I’ve spent the last several days at the Intelligent Transportation Society of America‘s 20th annual conference in Houston, and today I was on a panel on transportation and climate change with Deron Lovaas (Natural Resources Defense Council), Reid Ewing (University of Maryland), Wendell Cox (demographia.com) and Dick Mudge (Delcan Corp).
The U.S. Department of Transportation has made environmental sustainability one of its key strategic planning goals, and much of the talk was on reducing vehicle miles traveled, or VMT. But is this an appropriate metric? I don’t think so.
The first slide in my powerpoint noted that climate change policy was really about reducing greenhouse gases, the most prominent of which is carbon dioxide. This has nothing to do (directly) with travel. It’s not a big leap, for example, to think of someone conducting most of his or her travel in an electric car powered by hydroelectric or nuclear power, two carbon-free sources of energy.
The solution to climate change, interpreted as reducing greenhouse gases, is to stop burning fossil fuels. Burning fossil fuels, mainly oil and coal, generate carbon dioxide.

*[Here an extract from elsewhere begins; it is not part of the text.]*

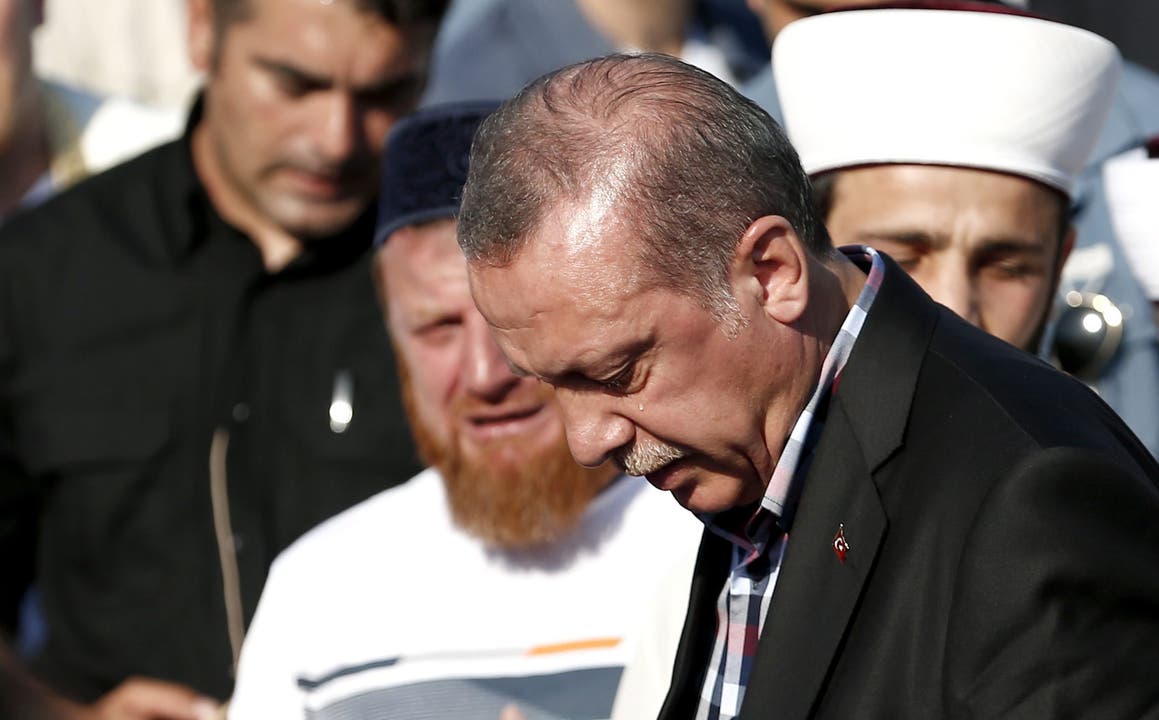Der türkische Staatschef Recep Tayyip Erdogan bricht bei der Trauerfeier für einen von Putschisten getöteten Freund in Tränen aus.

So, its not the travel that is the problem; it’s the fuel we use to generate the energy needed to propel a vehicle from point A to point B. Thus, VMT is a very poor metric for evaluating progress toward climate goals.
The focus on VMT as a climate change strategy is actually quite telling. VMT reduction is a planning metric, not a climate change metric. VMT reduction is really just another way of attacking urban sprawl and low density housing.
That won’t help reduce carbon dioxide production, however. The only solution to that is to stop using fossil fuels. That, in the end, requires a technical solution, not necessarily (or even primarily) behavioral change.